CUATRO James Ellroy, en cambio, es el hombre lobo. Ellroy no ve televisión ni lee los diarios ni tiene móvil. En un taxi que le queda chico –Ellroy es enorme– le pregunto si hay algo de lo que no quiere que hablemos, en un rato, en el anfiteatro de la Biblioteca Jaume Fuster. Ellroy muestra los dientes: “No me interesa ni la jodida realidad, ni la jodida actualidad, ni el jodido Barack Obama. Hablemos de mí”. Minutos más tarde, Ellroy sube al escenario, se arranca de la cabeza los audífonos para la traducción simultánea, los arroja al suelo, abre por la primera página un ejemplar del flamante Sangre vagabunda (conclusión de su monumental Trilogía USA Underworld) y comienza a leer a los gritos, como un predicador en llamas, acariciándose rítmicamente su entrepierna, aullando como un perro demoníaco. Los asistentes no pueden creer lo que están viendo. Yo tampoco. “Estoy aquí para decirles que todo es verdad y que no es en absoluto como piensan”, ladra Ellroy quien, enseguida, contará cómo en su juventud mató a un doberman con sus propias manos y se metía en cuartos de señoritas para abrir los cajones y olisquear su ropa interior y luego explicar por qué Chandler le parece “un sentimentaloide sobrevalorado”. Ellroy –quien no duda en considerarse “el mejor escritor vivo”– sólo se rinde ante la figura de Beethoven y los cuerpos de las mujeres que, en los últimos años, le regalaron una crisis nerviosa. Escribió sobre todo eso en The Hilliker Curse –memoir que saldrá en el 2011–, pero, sonríe, “ahora soy un feliz hijo de puta”.
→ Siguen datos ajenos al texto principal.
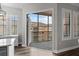 Open balcony view showcasing the architecture of the adjacent buildings and sunny blue skies at 501 Mirasol Cir # 519, Celebration, FL 34747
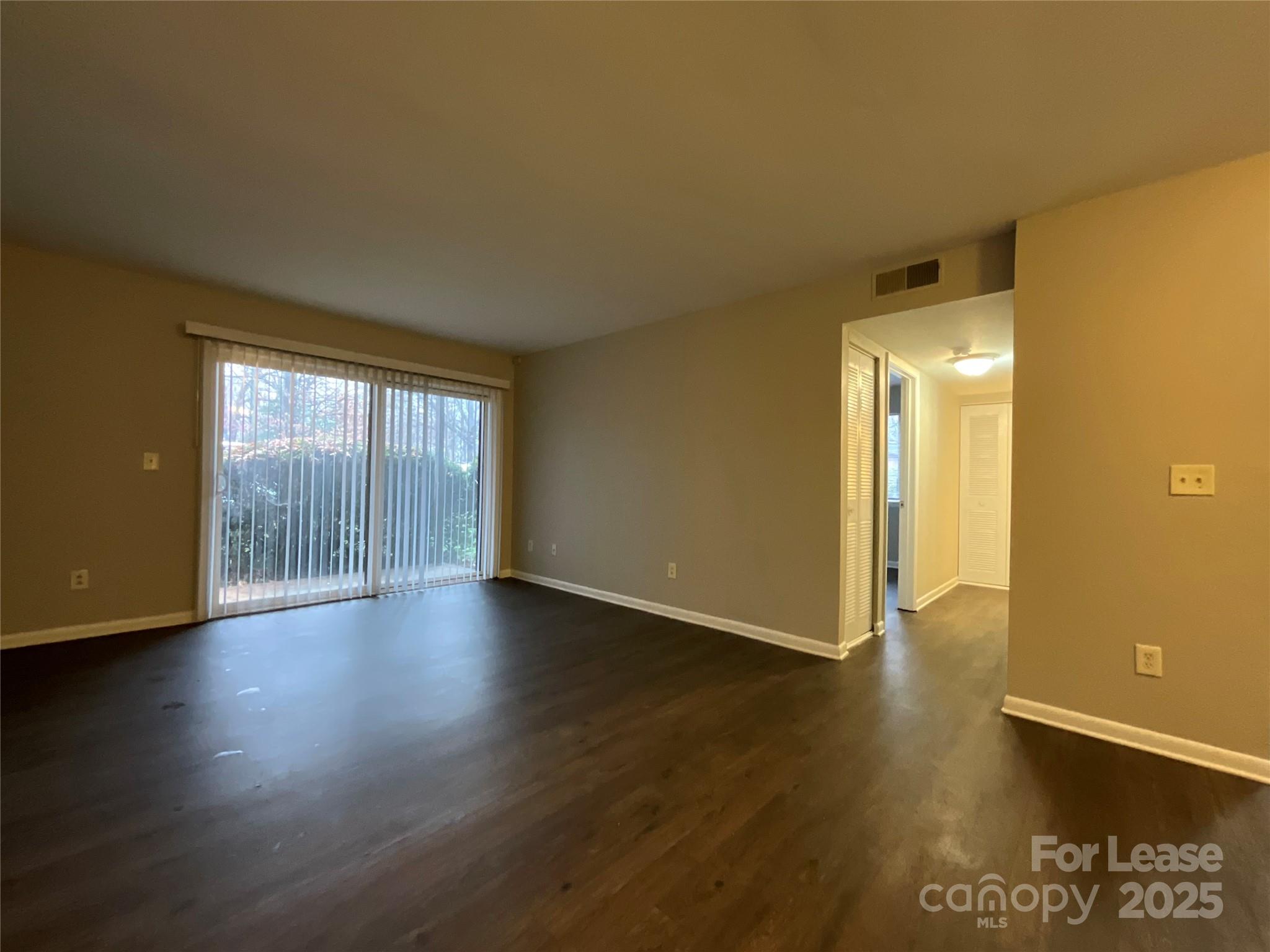 238 Orchard Trace Lane, Unit 2 Charlotte, NC 28213 - Photo 3 of 9 a view of an empty room with wooden floor and a window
CINCO Días antes, voy a comer con Don Winslow, autor de El poder del perro, de paso por la ciudad como invitado del festival BCNegra. Mientras disfrutamos de un perfecto arroz negro, seguro, alguien pierde la cabeza en Ciudad Juárez. Es decir: se la cortan. Nadie sabe cómo va a terminar todo eso –Winslow apuesta por la legalización de todo y a ver qué pasa–, pero en su novela queda muy claro la manera en que empezó todo. Le pregunto cómo se le ocurrió ese terrible capítulo en el que unos niños mexicanos son arrojados desde un puente. Winslow me responde: “No se me ocurrió: ocurrió”.
En la mesa de al lado, un oficinista en la hora de su almuerzo lee el último thriller de éxito, tal vez buscando consuelo en un género en el que las cosas y los casos, para bien o para mal, se resuelven. Lo que –atención, advertencia– no siempre significa que ganen los buenos y los malos reciban su justo castigo.